Sergio ikut berdiri, berjalan pelan menghampiri Rahman yang dikerumuni oleh beberapa teman satu kelasnya. Detik kemudian ketika satu nama keluar dari mulut Rahman seketika badan Sergio menegang. "Lo pada tau Sasha kan?"
"Sasha anak olimpiade?"
"Sasha OD?!"
Sergio langsung melesat keluar kelas, berlari sekuat tenaga mengabaikan panggilan Lando dan Abi yang mengejarnya di belakang.
***
Sasha masih berdiri mematung menatap Rizal yang terus kejang dengan mulut mengeluarkan busa. Mata Rizal terbuka lebar mengarah lurus ke atas sementara Bu Sri bersama dengan Pak Tono— tukang kebun SMA Gharda berusaha memberikan pertolongan.
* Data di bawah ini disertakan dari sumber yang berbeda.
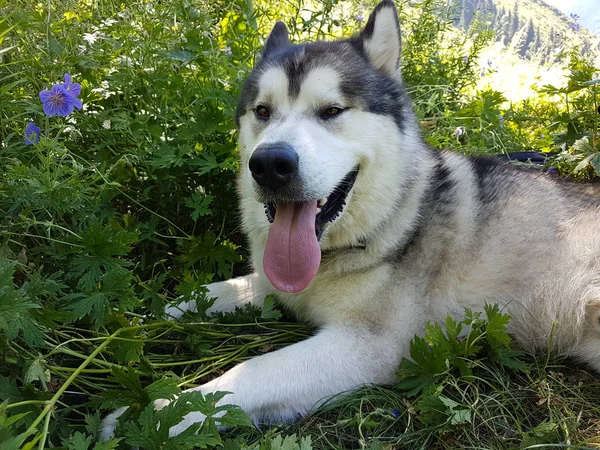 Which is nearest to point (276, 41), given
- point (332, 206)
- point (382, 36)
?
point (382, 36)

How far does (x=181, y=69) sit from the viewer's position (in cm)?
331

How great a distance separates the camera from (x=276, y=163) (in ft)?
7.00

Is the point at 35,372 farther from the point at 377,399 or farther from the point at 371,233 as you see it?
the point at 371,233

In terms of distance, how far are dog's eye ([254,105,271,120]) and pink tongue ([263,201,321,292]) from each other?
1.66 ft

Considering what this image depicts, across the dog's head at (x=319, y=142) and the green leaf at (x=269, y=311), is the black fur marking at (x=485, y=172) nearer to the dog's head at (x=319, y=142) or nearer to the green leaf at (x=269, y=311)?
the dog's head at (x=319, y=142)

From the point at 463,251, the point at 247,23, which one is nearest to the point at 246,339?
the point at 463,251

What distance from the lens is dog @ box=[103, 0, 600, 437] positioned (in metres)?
2.24

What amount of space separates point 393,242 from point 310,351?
691 millimetres

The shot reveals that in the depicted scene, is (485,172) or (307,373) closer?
(307,373)

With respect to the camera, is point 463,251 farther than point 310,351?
Yes

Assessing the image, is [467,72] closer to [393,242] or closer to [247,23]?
[247,23]

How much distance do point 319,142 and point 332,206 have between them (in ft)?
1.14

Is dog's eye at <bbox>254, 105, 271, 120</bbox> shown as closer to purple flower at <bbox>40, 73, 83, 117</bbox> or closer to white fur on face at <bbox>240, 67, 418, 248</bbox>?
white fur on face at <bbox>240, 67, 418, 248</bbox>

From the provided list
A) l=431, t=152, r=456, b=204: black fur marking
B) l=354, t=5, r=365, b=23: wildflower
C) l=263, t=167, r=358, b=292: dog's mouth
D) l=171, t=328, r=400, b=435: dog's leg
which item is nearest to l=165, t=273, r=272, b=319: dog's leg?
l=263, t=167, r=358, b=292: dog's mouth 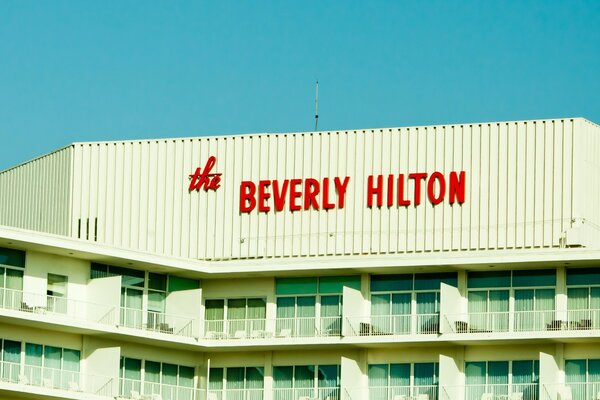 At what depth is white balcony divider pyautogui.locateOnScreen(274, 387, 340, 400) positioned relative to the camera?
106688 mm

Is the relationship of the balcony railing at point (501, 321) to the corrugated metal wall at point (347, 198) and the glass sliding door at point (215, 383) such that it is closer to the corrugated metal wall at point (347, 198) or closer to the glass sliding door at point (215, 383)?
the corrugated metal wall at point (347, 198)

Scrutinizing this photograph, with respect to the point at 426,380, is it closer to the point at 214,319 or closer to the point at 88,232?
the point at 214,319

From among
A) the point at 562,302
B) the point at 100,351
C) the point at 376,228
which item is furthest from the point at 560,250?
the point at 100,351

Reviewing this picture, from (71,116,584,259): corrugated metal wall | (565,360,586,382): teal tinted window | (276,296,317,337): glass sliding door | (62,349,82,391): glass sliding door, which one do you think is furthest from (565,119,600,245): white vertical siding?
(62,349,82,391): glass sliding door

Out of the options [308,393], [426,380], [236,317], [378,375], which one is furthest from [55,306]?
[426,380]

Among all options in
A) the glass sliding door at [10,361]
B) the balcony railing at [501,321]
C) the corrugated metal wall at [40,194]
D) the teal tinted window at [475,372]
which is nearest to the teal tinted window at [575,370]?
the balcony railing at [501,321]

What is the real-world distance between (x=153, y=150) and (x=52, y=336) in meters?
13.6

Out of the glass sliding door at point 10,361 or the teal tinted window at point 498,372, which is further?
the teal tinted window at point 498,372

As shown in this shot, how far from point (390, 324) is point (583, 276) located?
1018 cm

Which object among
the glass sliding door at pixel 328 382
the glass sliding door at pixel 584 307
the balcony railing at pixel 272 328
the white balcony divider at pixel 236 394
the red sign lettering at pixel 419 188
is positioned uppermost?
the red sign lettering at pixel 419 188

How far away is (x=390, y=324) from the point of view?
106 m

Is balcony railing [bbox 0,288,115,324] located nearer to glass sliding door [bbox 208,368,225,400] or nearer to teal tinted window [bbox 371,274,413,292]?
glass sliding door [bbox 208,368,225,400]

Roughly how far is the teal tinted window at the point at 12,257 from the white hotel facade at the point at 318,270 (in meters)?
0.07

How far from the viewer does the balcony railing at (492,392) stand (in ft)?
336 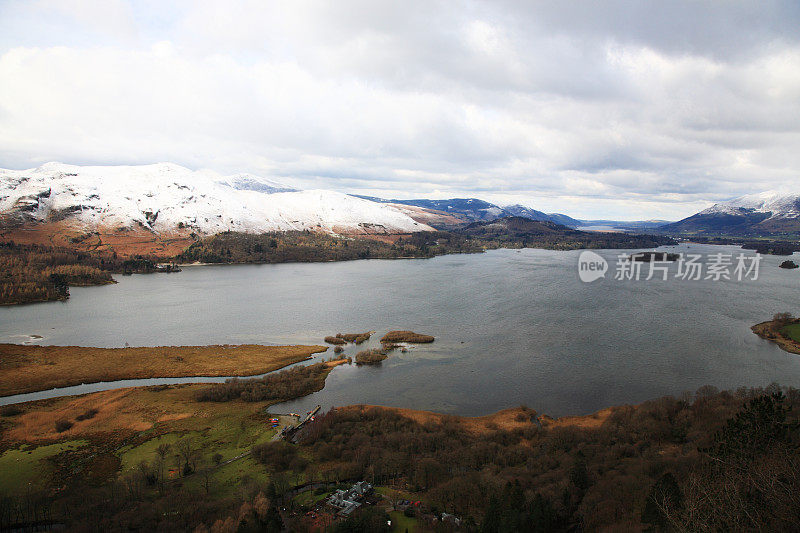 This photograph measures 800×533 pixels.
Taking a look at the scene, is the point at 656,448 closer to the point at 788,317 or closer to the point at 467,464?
the point at 467,464

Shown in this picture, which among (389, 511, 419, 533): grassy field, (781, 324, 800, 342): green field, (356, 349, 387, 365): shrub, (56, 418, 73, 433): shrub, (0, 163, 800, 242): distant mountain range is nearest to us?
(389, 511, 419, 533): grassy field

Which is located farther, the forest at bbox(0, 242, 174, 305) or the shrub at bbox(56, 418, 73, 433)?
the forest at bbox(0, 242, 174, 305)

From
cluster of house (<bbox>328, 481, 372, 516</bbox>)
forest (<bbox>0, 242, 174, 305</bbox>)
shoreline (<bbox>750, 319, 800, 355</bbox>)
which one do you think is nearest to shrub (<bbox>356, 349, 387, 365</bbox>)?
cluster of house (<bbox>328, 481, 372, 516</bbox>)

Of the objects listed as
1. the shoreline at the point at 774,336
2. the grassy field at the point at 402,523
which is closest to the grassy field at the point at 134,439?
the grassy field at the point at 402,523

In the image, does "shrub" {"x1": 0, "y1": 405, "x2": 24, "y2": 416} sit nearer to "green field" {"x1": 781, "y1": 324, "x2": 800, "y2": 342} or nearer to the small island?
the small island

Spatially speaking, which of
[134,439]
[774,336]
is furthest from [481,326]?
[134,439]

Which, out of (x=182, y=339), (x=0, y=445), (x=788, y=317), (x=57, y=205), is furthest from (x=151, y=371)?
(x=57, y=205)

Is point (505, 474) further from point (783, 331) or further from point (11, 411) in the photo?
point (783, 331)

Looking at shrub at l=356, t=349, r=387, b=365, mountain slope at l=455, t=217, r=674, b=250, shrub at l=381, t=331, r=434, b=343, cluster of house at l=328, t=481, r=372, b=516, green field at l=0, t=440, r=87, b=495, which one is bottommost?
green field at l=0, t=440, r=87, b=495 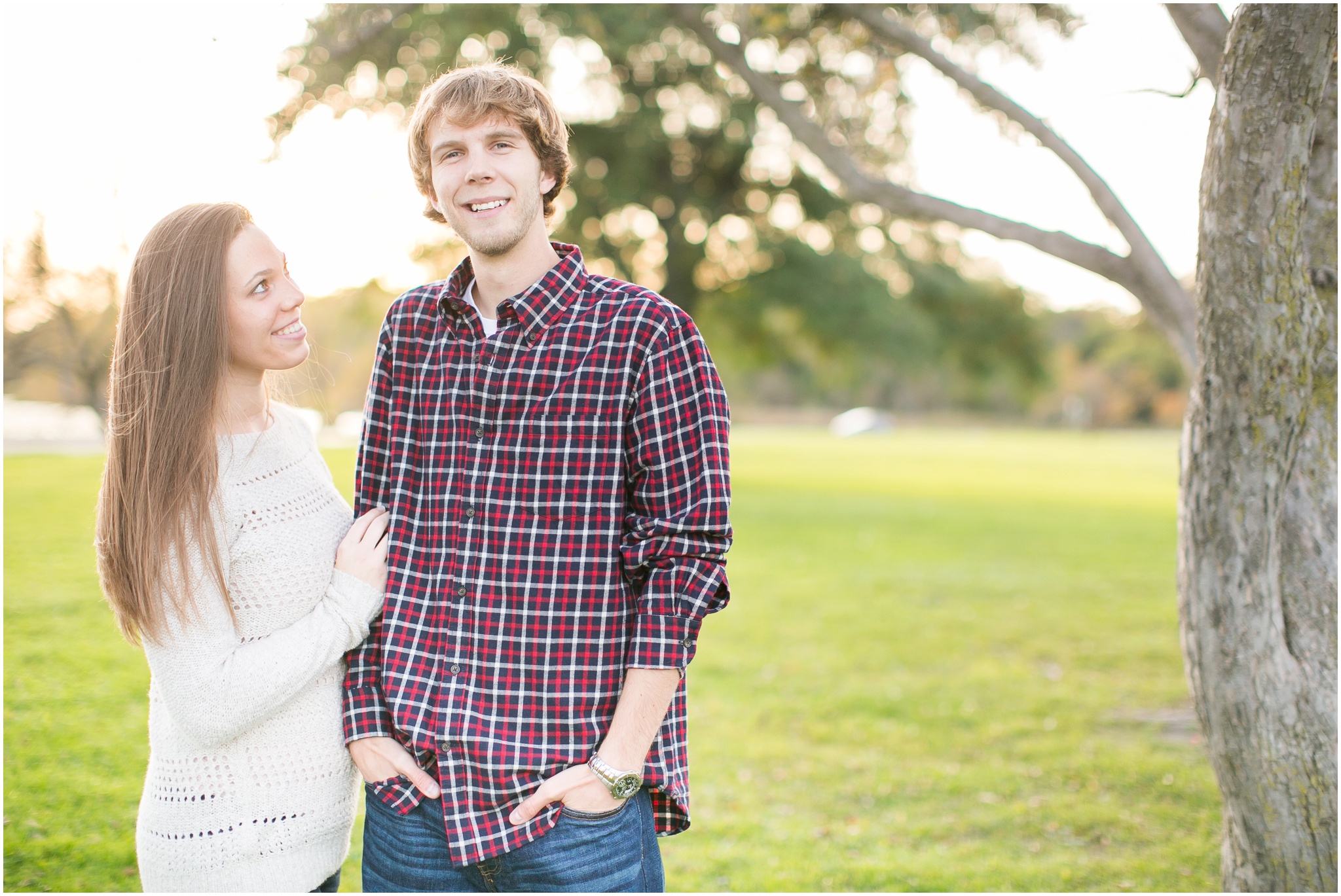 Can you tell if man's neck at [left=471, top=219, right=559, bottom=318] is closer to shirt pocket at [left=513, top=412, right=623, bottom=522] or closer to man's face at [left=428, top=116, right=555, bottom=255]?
man's face at [left=428, top=116, right=555, bottom=255]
Sasha tanpa sengaja menemukan Rizal sudah terkapar di dekat pintu Gudang yang terbuka lebar ketika perempuan itu seperti biasa akan menghabiskan waktunya menyendiri di taman belakang untuk membunuh waktu sebelum bel masuk berbunyi.
Tangan Sasha terkepal erat, samar-samar ia bisa mendengar derap kaki lebih dari dua orang semakin dekat dengan tempatnya berdiri. Disusul gemuruh suara gaduh juga teriakan Bu Sri yang panik sambil mengibaskan tangan. Sasha menelan ludahnya susah payah, badannya mulai gemetar, matanya kabur meski Sasha berusaha berkali-kali mengerjap untuk mengembalikan pengelihatannya.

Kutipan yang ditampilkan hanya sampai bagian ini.